Stress für mich gab es aber auch beim Schiedsrichterlehrgang, der an sich sehr viel Spaß macht. Am Vormittag ging es um digitale Uhren, immer ein rotes Tuch für mich. Und etwas deutsch-deutsches: als es zur Pause ging fragte ich: „Viertel Elf geht es weiter?“ Das haben viele Wessis nicht verstanden!
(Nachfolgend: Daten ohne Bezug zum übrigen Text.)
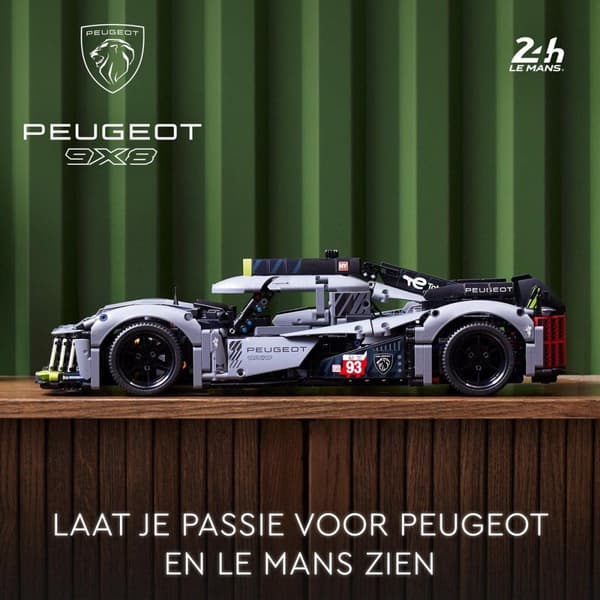LEGO Technic 42156 PEUGEOT 9X8 24H Le Mans Hypercar (42156)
Nach dem Trocknen der Tränen und mancher Analyse wartete schon der nächste Gegner: TuRa Harksheide von 1945 Norderstedt aus Schleswig-Holstein. Und es begann wieder schlecht, weil Sariana, nach nur 16 Zügen in absolut einfacher Stellung eine noch einfachere Mattdrohung mit Läufer und Dame übersah. Bei ihr merkt man besonders die fehlende Spielpraxis in der langen Coronazeit. Nelly hatte zu dieser Zeit durch eine übersehene Drohung im 19. Zug eine Figur verloren oder nicht wieder bekommen und stand zunehmend auf Verlust gegen Gastspielerin Marianne Stepanjan. Allerdings konnte sie im 35. Zug einen Läufer fangen von dem man nicht wusste, ob er sich bewusst geopfert hatte. In jedemfall war die Partie seitdem klar verloren. Doch Schach ist manchmal Magie und der Magier dieser Partie hieß Nelly Adelmeyer. Vor allem unscheinbar geile Züge waren es (38. e4!) die den schwarzen König auf g4 und später tatsächlich auf g3 lockten. Nelly konnte ihr Glück kaum fassen und ist wohl nur aus Coronagründen nicht durch die Halle gehüpft. Als Marianne Stepanjan das Unheil bemerkte war es zu spät und der g und der h- Bauer rannten nun los und nach 42. h6 gab Schwarz auf. Man fasst es nicht. „Sie hat gewonnen!“ informierte Frau Adelmeyer nach über 3 Stunden erleichtert, es stand 1:1. Anouk, am 2. Brett, hatte von Anfang ihre Problemchen, mit der Partie und vor allem wieder mit der Zeit. Dafür sorgt Charlotte hier am 3. Brett weiter für Furore. Wieder eine tadellose Weißpartie, die sie mir auch gleich stolz präsentierte. Superläuferpaar, starke Ideen mit den Schwerfiguren im Zentrum ließen Ani Petrosyan nie eine Chance. Im 36. Zug hätte Charlotte noch einen Turm gewonnen, doch ihre Gegnerin gab vorher auf. Nun begann gegen 19.00 Uhr das einstündige Zittern um Anouk. Sie kämpfte um das Remis und den Mannschaftssieg. Die Mannschaft stand (auch praktisch) an ihrer Seite. Durch 9 Züge in einer Minute kam sie in die Zeitkontrolle, doch ihre Gegnerin, Vanessa Foos, spielte mit ihren zwei Mehrbauern, das nicht leichte Dameendspiel sehr gut. Anouk gelang es noch zwei Freibauern am Dameflügel auf Kosten ihrer letzten Bauern zu entschärfen. Doch als die Hoffnungen auf Dauerschach nicht aufgingen gab sie im 67. Zug mit nur 2.28 Restzeit, nach viereinhalb Stunden, auf. Ein großer Kampf um ein 2:2 mit Tendenz zum Sieg.
Morgen heißt der Gegner dann SG Königskinder Hohentübingen aus Württemberg.